In the 1920’s and 1930’s, the second generation Filipino architects namely Andres Luna, Fernando Ocampo, Juan F. Nakpil, and Pablo Antonio emerged and introduced Art Deco which is characterized by exotic embellishments.
Post-World War II Era
Philippine architecture adheres to modernism through the use of reinforced concrete, steel, and glass. Cubic forms, geometric shapes, and Cartesian grids predominate the architecture while applied decoration is no longer present.
The third generation architects introduced the “form follows functions” which utilizes reinforced concrete, steel, and glass.
In the 1950’s, the Philippine architecture witnessed the Space Age aesthetics and Soft Modernism while the height of building was limited by law to 30 meters.
Late Twentieth Century
In the 1960’s, the country saw the merging of the modernist style with the use of traditional and local materials and icons.
In the 1970’s, former First Lady Imelda Marcos implemented a national architectural style through the government’s building projects.
In 1973, an oil crisis gave birth to energy-efficient designs called Tropical Regionalism.
The New Millennium
The Philippines, particularly the skyscrapers and micro-cities, embraced the tripartite division of columnar architecture (Tower-on-the-Podium).
Demonstrates garish applications of pastel colors and the mixing and matching of ornaments and styles.
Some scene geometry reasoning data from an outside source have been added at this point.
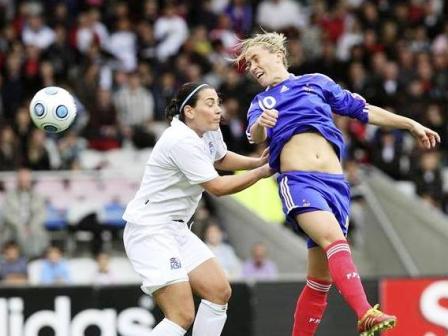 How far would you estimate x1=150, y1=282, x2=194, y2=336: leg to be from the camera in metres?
8.88

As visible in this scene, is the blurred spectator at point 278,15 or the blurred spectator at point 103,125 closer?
the blurred spectator at point 103,125

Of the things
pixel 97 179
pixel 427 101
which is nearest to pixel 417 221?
pixel 427 101

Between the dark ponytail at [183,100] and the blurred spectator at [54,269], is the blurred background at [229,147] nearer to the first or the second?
the blurred spectator at [54,269]

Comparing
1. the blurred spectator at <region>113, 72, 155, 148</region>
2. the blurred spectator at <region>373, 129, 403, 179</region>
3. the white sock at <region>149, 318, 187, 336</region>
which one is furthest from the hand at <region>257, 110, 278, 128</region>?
the blurred spectator at <region>113, 72, 155, 148</region>

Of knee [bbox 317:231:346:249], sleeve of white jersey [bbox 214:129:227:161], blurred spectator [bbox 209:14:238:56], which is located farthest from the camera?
blurred spectator [bbox 209:14:238:56]

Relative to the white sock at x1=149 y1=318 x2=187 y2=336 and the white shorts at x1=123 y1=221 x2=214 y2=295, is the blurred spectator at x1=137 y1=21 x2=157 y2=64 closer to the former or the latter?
the white shorts at x1=123 y1=221 x2=214 y2=295

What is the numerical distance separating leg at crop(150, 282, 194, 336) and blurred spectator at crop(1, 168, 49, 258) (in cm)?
695

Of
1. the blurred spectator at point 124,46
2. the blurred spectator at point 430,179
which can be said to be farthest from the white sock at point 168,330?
the blurred spectator at point 124,46

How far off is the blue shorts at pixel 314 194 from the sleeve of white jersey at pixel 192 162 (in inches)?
19.8

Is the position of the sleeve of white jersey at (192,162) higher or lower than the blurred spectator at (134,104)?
higher

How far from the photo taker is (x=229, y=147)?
17.3 metres

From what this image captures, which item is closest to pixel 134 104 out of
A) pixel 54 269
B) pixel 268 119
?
pixel 54 269

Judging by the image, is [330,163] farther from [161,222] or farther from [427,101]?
[427,101]

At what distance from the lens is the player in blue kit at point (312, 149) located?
8617 millimetres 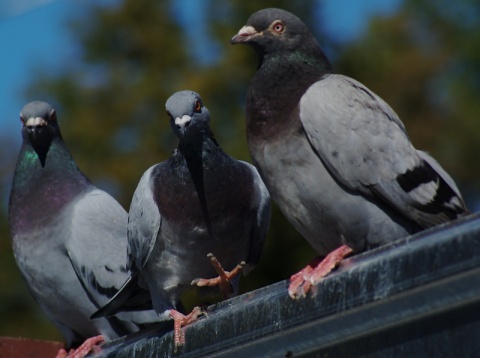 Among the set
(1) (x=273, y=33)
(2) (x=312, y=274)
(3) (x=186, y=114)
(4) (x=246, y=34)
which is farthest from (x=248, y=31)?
(2) (x=312, y=274)

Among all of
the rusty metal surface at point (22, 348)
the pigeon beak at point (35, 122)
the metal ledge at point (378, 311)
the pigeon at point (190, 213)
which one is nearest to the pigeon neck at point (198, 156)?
the pigeon at point (190, 213)

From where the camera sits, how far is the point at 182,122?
563cm

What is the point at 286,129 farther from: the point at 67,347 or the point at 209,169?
the point at 67,347

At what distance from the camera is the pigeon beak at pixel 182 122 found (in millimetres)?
5633

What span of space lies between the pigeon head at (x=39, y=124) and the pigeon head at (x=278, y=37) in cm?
231

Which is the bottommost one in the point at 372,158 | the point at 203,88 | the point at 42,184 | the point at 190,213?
the point at 203,88

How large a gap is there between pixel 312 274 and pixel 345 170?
4.13ft

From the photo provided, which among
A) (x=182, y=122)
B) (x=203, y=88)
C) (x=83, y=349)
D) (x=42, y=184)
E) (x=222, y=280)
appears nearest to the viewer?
(x=222, y=280)

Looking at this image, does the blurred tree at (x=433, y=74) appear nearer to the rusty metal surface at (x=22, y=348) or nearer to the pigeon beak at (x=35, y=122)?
the pigeon beak at (x=35, y=122)

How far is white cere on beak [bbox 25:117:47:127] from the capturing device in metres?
7.67

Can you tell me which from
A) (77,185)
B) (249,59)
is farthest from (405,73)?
(77,185)

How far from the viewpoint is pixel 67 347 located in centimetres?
749

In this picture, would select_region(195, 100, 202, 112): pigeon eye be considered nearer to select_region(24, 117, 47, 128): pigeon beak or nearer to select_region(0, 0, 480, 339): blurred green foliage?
select_region(24, 117, 47, 128): pigeon beak

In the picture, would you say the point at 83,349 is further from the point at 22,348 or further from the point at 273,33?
the point at 273,33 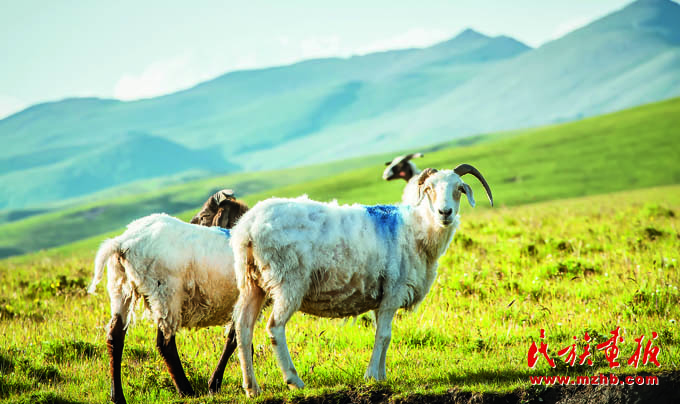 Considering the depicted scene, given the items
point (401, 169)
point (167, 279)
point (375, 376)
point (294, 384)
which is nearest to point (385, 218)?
point (375, 376)

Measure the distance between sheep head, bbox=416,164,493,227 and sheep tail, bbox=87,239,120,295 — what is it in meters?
3.59

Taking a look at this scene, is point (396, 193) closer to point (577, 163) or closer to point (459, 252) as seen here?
point (577, 163)

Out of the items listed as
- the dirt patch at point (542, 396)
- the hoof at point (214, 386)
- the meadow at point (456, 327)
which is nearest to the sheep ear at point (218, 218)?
the meadow at point (456, 327)

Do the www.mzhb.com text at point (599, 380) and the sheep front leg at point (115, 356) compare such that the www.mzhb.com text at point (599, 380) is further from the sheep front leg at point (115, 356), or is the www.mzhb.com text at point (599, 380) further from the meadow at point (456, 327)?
the sheep front leg at point (115, 356)

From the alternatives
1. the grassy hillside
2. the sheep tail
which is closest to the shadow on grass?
the sheep tail

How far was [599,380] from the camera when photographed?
707cm

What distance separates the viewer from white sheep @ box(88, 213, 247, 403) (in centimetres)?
752

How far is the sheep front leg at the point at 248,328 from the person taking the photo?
7184 mm

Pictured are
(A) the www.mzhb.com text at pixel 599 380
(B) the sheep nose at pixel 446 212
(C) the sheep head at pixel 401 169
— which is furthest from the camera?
(C) the sheep head at pixel 401 169

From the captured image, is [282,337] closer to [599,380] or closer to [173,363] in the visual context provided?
[173,363]

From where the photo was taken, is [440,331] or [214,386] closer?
[214,386]

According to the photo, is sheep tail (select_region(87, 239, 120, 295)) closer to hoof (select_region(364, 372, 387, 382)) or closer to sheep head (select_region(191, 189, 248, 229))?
sheep head (select_region(191, 189, 248, 229))

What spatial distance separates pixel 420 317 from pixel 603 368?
9.99ft

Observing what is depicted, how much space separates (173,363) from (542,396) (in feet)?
13.2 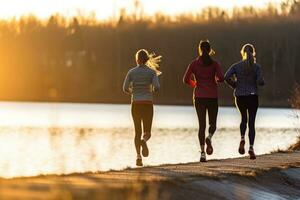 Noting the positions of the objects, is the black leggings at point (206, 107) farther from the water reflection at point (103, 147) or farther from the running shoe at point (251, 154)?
the water reflection at point (103, 147)

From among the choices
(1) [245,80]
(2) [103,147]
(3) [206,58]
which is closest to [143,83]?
(3) [206,58]

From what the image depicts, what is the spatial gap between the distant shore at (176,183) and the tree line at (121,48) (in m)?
74.4

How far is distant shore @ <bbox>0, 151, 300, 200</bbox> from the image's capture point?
33.3 feet

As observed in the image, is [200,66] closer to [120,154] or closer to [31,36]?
[120,154]

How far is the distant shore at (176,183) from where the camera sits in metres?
10.1

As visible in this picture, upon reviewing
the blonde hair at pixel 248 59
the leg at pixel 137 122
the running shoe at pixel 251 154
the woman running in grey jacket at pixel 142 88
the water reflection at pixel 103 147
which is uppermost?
the blonde hair at pixel 248 59

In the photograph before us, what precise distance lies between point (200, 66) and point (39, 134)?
87.7 ft

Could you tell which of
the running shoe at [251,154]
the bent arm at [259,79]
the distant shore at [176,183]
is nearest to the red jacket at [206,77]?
the bent arm at [259,79]

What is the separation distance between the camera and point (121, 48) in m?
99.8

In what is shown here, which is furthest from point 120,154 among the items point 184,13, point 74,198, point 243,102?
point 184,13

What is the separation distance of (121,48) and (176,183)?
88.6m

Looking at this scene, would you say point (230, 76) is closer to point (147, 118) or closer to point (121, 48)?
point (147, 118)

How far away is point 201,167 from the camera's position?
14.6 meters

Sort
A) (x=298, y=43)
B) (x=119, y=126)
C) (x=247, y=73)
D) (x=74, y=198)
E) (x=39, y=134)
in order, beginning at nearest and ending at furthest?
(x=74, y=198) < (x=247, y=73) < (x=39, y=134) < (x=119, y=126) < (x=298, y=43) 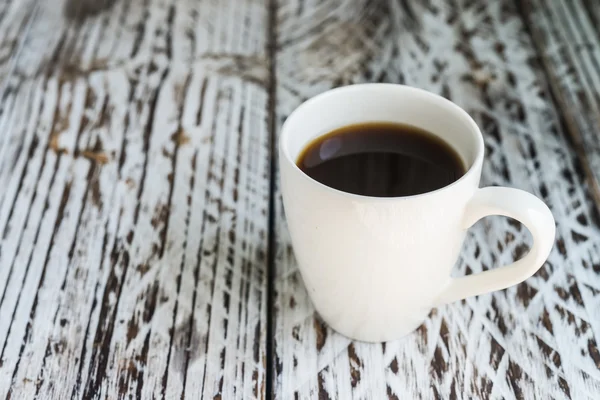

Filipino architects are considered “late modernists” and later as “neo-modernists” or “super modernists”.
Inspirations include aircraft technology, robotics, and cyberspace while reflective blue or aquamarine curtain walls, aluminum cladding, metallic sun visors, and metal mullions rise into popularity.
Advances in computer-aided design (CAD) and computer-aided manufacturing (CAM) technologies.
Adherence to “green architecture” to lessen the negative impact of buildings and construction on human health and on the environment. Efficiency is enhanced and use of materials, energy, and space is moderated.